Le ministre de l'Education nationale répondait en audioconférence aux questions des députés de la commission des affaires culturelles et de l'éducation de l'Assemblée nationale. Il a esquissé les conditions de la rentrée scolaire pour les élèves, après le 11 mai, date communiquée par le chef de l'Etat pour le début du déconfinement.
 

Rentrée progressive

Jean-Michel Blanquer a expliqué que la rentrée serait très progressive dans les écoles, collèges et lycées. La première semaine concernerait les élèves de grande section de maternelle, de CP et de CM2; la deuxième semaine ceux de Sixième, Troisième, Première et Terminale ainsi que les ateliers industriels en lycée professionnel, avant une reprise de l'ensemble des élèves la troisième semaine, avec des groupes ne dépassant pas 15 élèves.

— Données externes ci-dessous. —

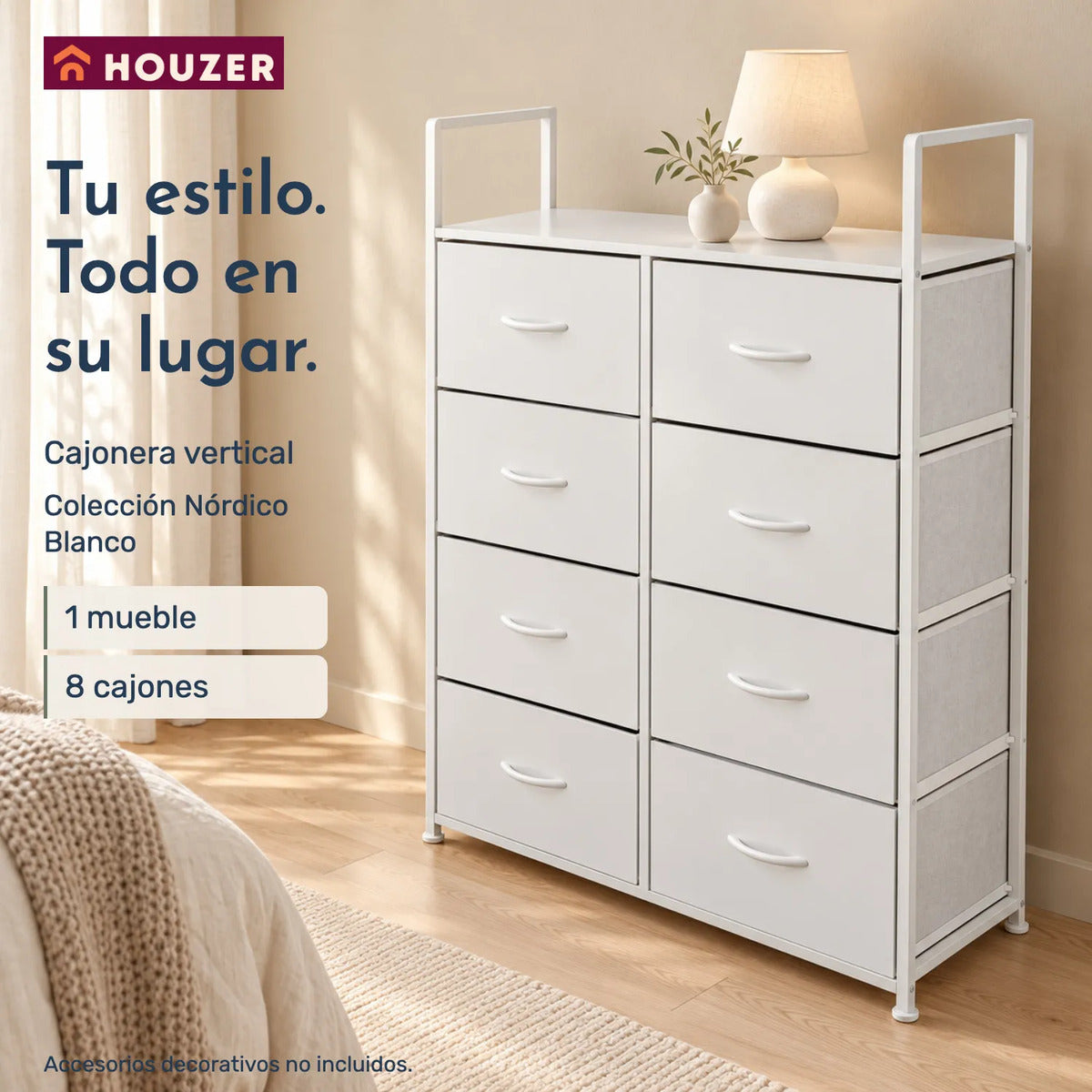 Comoda Cajonera Vertical Organizador 8 Cajones 80×31×108 Cm Blanco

Pour y arriver "l'élève sera dans quatre situations possibles", a-t-il précisé: soit en demi groupe, soit "à distance", soit à l'étude "si la configuration de l'établissement le permet", soit dans une activité sportive si la commune est en mesure d'en mettre en place.
  

Souplesse locale

Il s'agit de "grands principes", mais il y aura "beaucoup de souplesse locale", a insisté le ministre. Si une famille ne veut pas envoyer son enfant à l'école, ce sera possible mais dans ce cas, il aura l'obligation de suivre l'enseignement à distance: "un élève ne sera jamais en dehors de l'obligation scolaire".
  
M. Blanquer a aussi assuré qu'avant la réouverture des écoles, un "protocole sanitaire" serait établi, avec par exemple une doctrine établie sur la nécessité de tests ou le port du masque. Quand les conditions sanitaires ne seront pas respectées, un établissement "ne rouvrira pas", a-t-il dit.
    
Une souplesse sera aussi laissée aux territoires pour apprécier la progressivité de la reprise. "On peut imaginer que dans certains endroits le confinement soit maintenu", a même souligné M. Blanquer. Ces points, qui font l'objet d'une concertation avec l'ensemble des partenaires sociaux et collectivités "doivent encore être discutés", a précisé le ministre.
    
Le Premier ministre Edouard Philippe doit présenter un plan de déconfinement "à la fin du mois", a-t-il rappelé.